Entries shown:

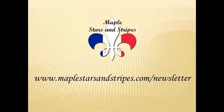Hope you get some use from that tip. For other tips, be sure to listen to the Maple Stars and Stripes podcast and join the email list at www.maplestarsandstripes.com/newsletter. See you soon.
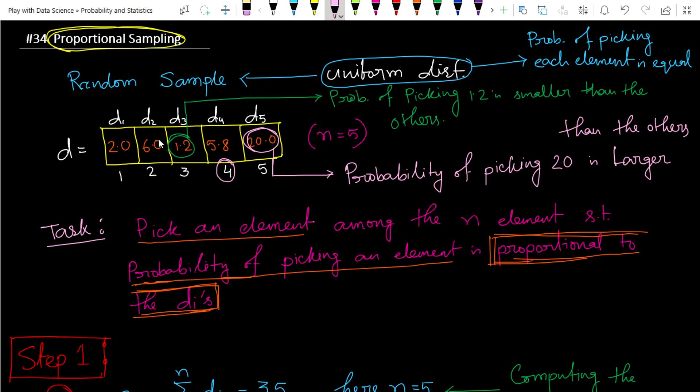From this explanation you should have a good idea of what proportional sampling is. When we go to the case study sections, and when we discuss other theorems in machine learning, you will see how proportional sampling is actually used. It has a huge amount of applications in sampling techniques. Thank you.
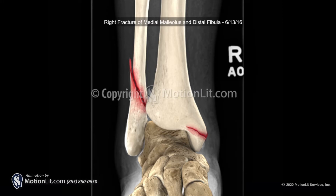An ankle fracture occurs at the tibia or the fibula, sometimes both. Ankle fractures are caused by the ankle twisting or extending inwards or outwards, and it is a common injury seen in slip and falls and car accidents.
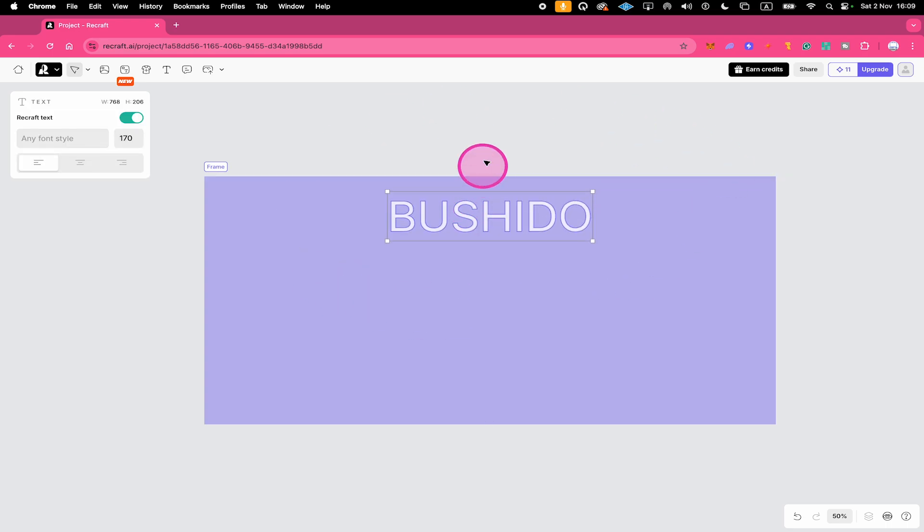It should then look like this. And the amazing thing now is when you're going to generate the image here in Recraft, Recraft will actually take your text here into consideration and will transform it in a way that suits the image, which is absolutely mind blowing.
* * *
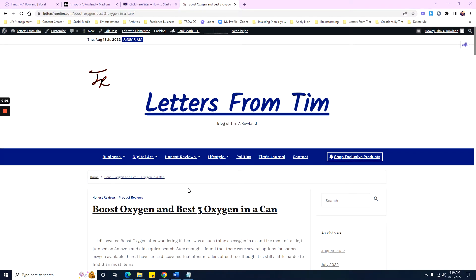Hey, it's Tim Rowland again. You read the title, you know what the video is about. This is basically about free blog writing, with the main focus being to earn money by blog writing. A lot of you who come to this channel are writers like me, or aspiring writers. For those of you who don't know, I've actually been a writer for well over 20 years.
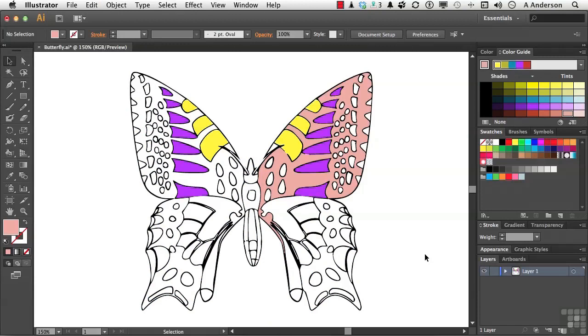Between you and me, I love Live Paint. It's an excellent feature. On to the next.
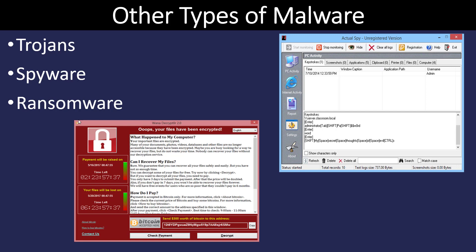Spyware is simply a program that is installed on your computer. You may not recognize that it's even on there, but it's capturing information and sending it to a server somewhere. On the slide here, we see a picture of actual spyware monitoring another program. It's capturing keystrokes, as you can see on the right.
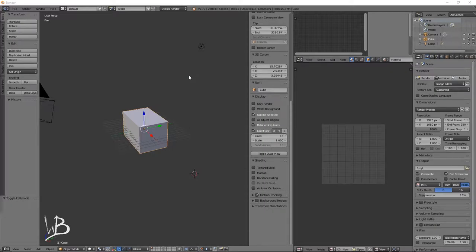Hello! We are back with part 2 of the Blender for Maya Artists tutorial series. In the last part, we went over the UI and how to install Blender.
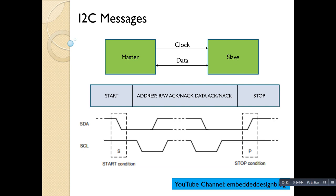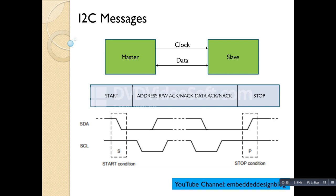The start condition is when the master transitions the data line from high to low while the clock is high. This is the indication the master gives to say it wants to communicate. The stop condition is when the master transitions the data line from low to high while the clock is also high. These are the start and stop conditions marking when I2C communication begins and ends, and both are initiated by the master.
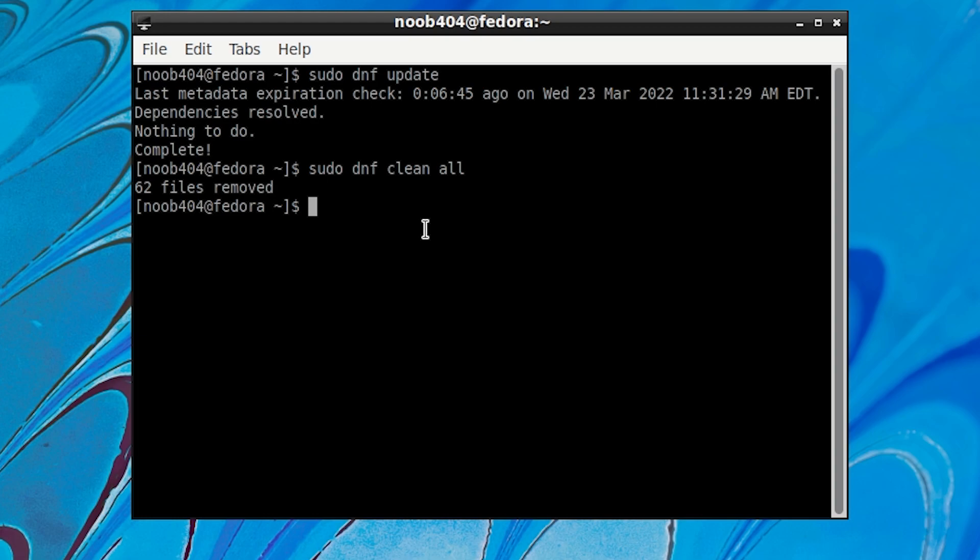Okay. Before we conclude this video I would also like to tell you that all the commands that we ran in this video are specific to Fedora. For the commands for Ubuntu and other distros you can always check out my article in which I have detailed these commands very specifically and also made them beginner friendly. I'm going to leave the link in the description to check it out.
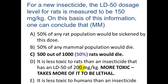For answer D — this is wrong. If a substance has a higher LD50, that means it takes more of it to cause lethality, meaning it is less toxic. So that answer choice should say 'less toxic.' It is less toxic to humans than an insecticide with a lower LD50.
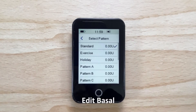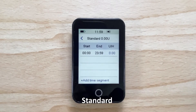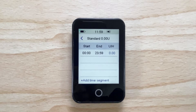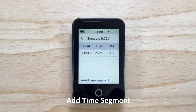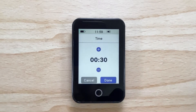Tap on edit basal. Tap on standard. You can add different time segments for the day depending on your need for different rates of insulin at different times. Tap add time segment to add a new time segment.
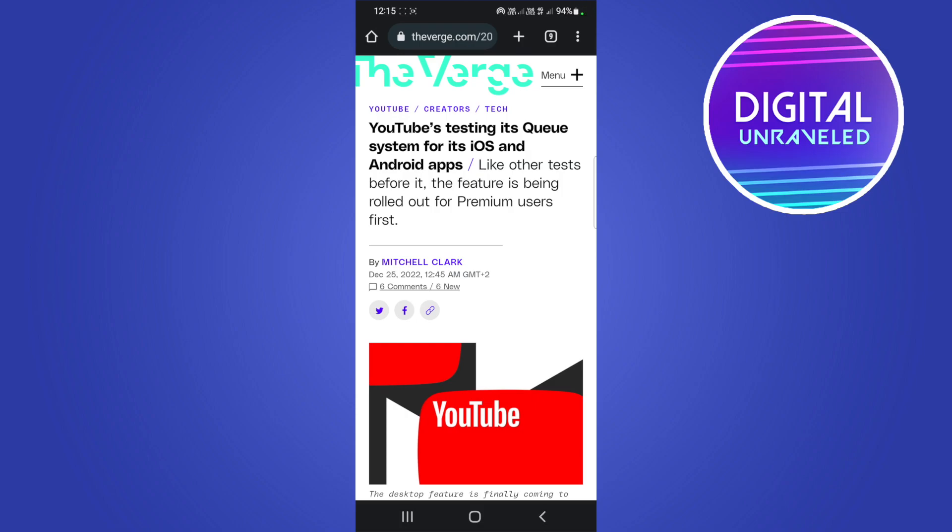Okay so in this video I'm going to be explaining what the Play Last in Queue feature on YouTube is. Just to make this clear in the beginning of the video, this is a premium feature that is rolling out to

What you should do:
Since the pictures are not part of the copy, please transcribe only the lines above from the one with "Hello! We are" through the one with "Okay so in this", exactly and with both ends.

Result of the task:
Hello! We are back with part 2 of the Blender for Maya Artists tutorial series. In the last part, we went over the UI and how to install Blender.
The start condition is when the master transitions the data line from high to low while the clock is high. This is the indication the master gives to say it wants to communicate. The stop condition is when the master transitions the data line from low to high while the clock is also high. These are the start and stop conditions marking when I2C communication begins and ends, and both are initiated by the master.
Okay. Before we conclude this video I would also like to tell you that all the commands that we ran in this video are specific to Fedora. For the commands for Ubuntu and other distros you can always check out my article in which I have detailed these commands very specifically and also made them beginner friendly. I'm going to leave the link in the description to check it out.
For answer D — this is wrong. If a substance has a higher LD50, that means it takes more of it to cause lethality, meaning it is less toxic. So that answer choice should say 'less toxic.' It is less toxic to humans than an insecticide with a lower LD50.
Tap on edit basal. Tap on standard. You can add different time segments for the day depending on your need for different rates of insulin at different times. Tap add time segment to add a new time segment.
Okay so in this video I'm going to be explaining what the Play Last in Queue feature on YouTube is. Just to make this clear in the beginning of the video, this is a premium feature that is rolling out to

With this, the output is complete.